▶ **TASK OBJECTIVE**
Only the lines below from the one that holds "Ravensburger Mount Fuji" through the one that holds "Born To Hunt" should appear in the answer, copied exactly, end lines included and pictures omitted.

▶ **LISTED RECORDS**
***
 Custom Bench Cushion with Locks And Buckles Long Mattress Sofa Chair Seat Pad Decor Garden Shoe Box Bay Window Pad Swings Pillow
***
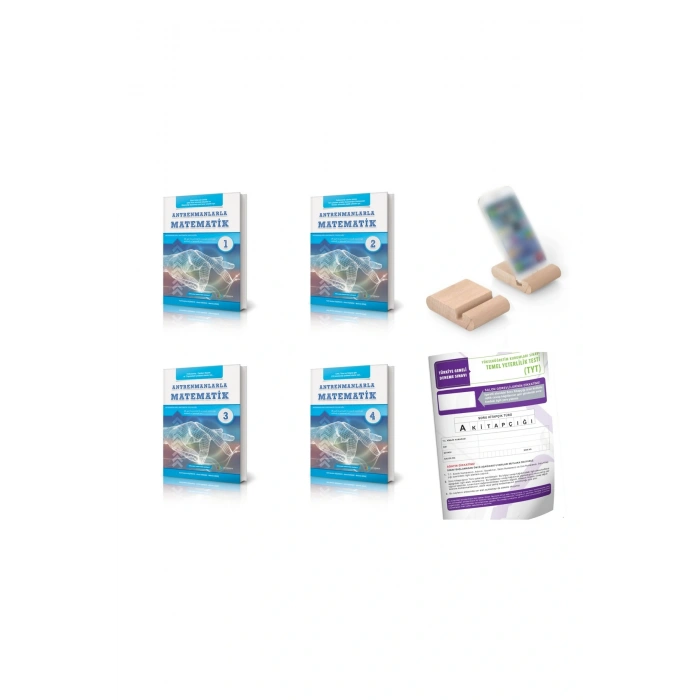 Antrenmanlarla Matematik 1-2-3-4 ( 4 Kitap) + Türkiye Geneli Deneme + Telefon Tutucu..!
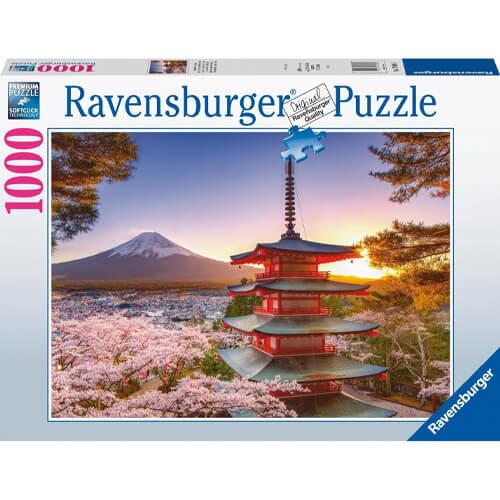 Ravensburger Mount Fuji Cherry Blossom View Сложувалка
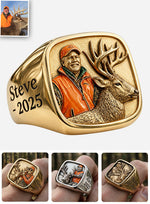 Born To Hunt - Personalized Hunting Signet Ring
***
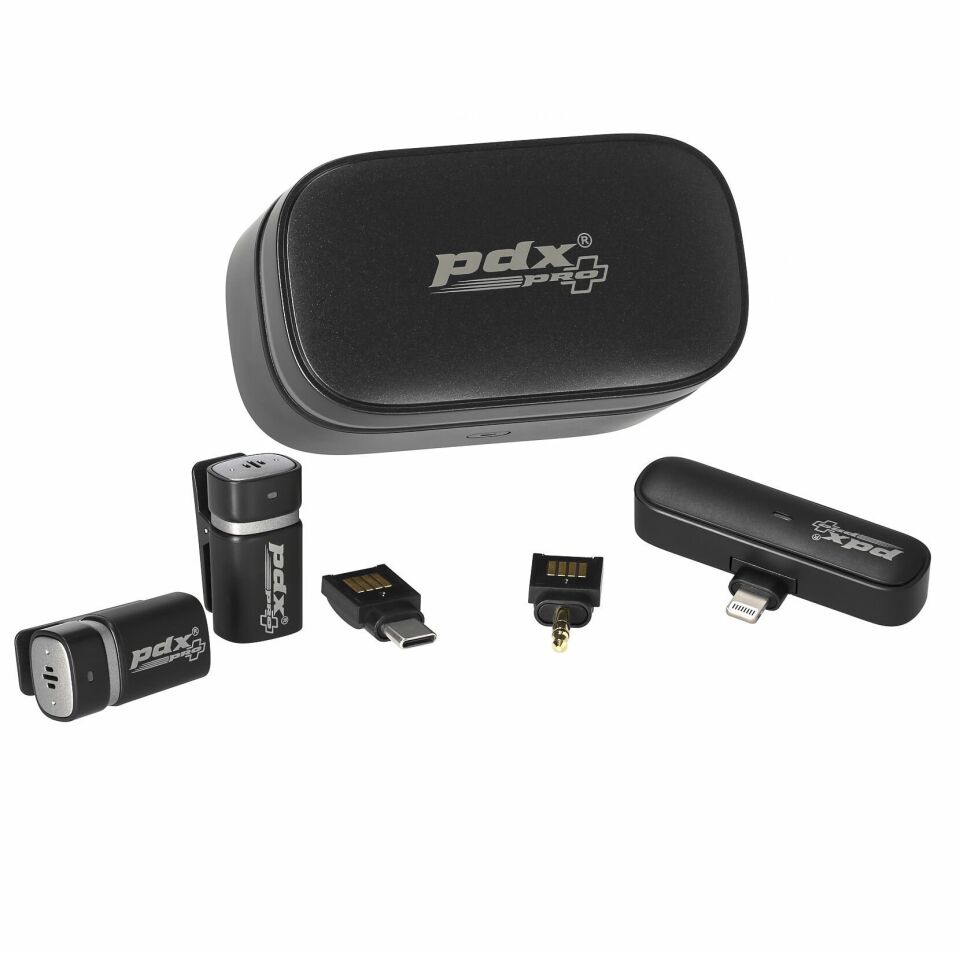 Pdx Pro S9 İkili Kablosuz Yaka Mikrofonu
***
▶ **RESPONSE AREA**
 Ravensburger Mount Fuji Cherry Blossom View Сложувалка
 Born To Hunt - Personalized Hunting Signet Ring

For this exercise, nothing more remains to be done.